In this post I'm going to scrape www.basketball-reference.com in order to get some generic information for every player that played in the NBA. I'm also going to get population data per state from wikipedia.

In [1]:
import numpy as np
import pandas as pd
from bs4 import BeautifulSoup, SoupStrainer
import sys
import string
import requests
import datetime
import progressbar
import time

First, let's get the information from basketball-reference. Great tutorials on web scraping:

Note that websites frequently change layout so scraping code typically needs to be modified over time.

Basketball-reference sorts the players by the first letter of their last name. You can see an example - http://www.basketball-reference.com/players/a/. Using that page as an example we can see that it has a table with players and their information.

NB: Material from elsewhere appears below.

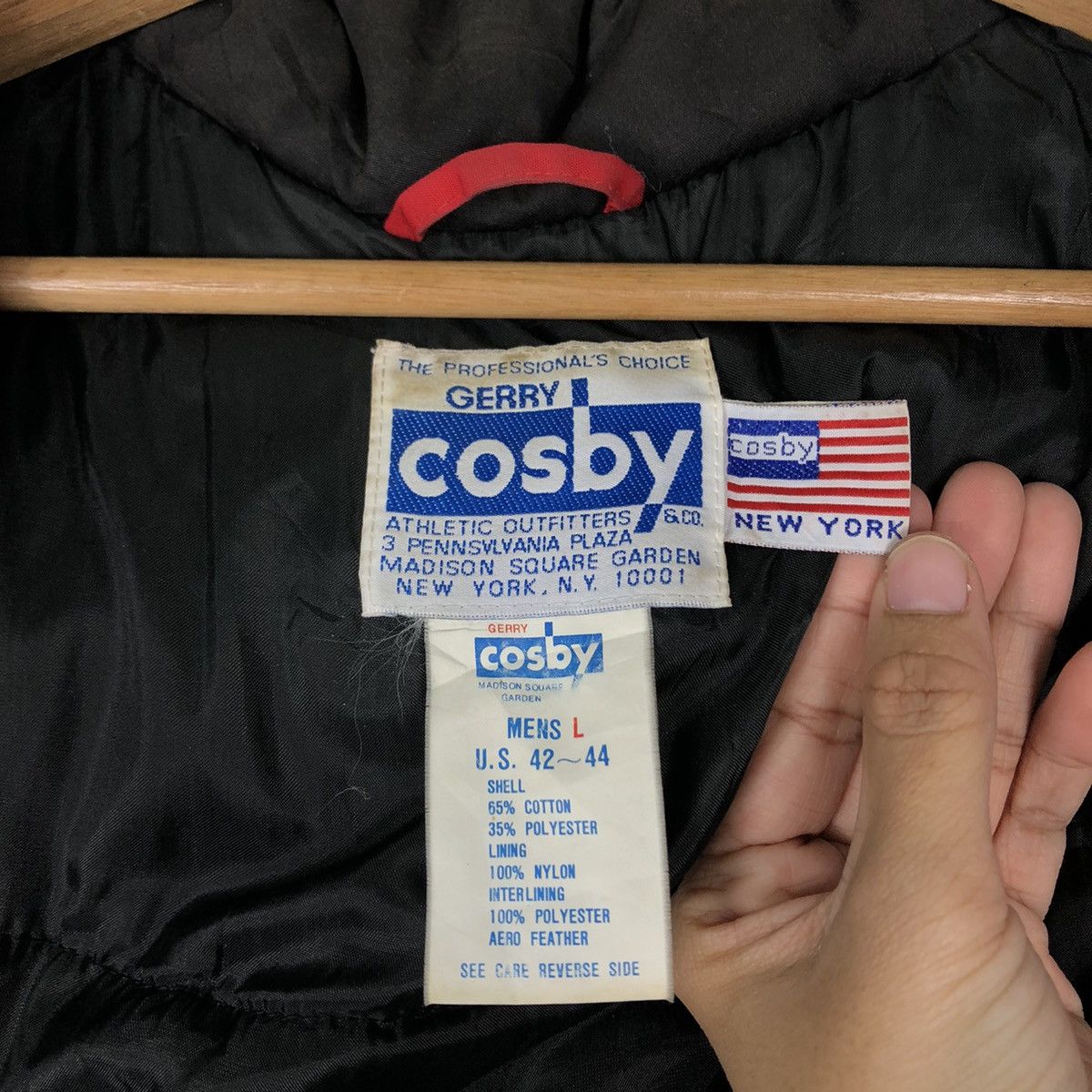 Japanese Brand 🔥Vintage Coach Jacket Long Outdoor Cosby USA Made Size US L / EU 52-54 / 3 - 23 Thumbnail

First we are going to read the table and extract the information.

In [2]:
def player_info():
    '''
    This function web scrapes basketball-reference and extracts player's info.
    '''
    players = []
    base_url = 'http://www.basketball-reference.com/players/'

    # get player tables from alphabetical list pages
    for letter in string.lowercase:
        page_request = requests.get(base_url + letter)
        soup = BeautifulSoup(page_request.text,"lxml")
        # find table in soup
        table = soup.find('table')

        if table:
            table_body = table.find('tbody')

            # loop over list of players
            for row in table_body.findAll('tr'):

                # get name and url
                player_url = row.find('a')
                player_names = player_url.text
                player_pages = player_url['href']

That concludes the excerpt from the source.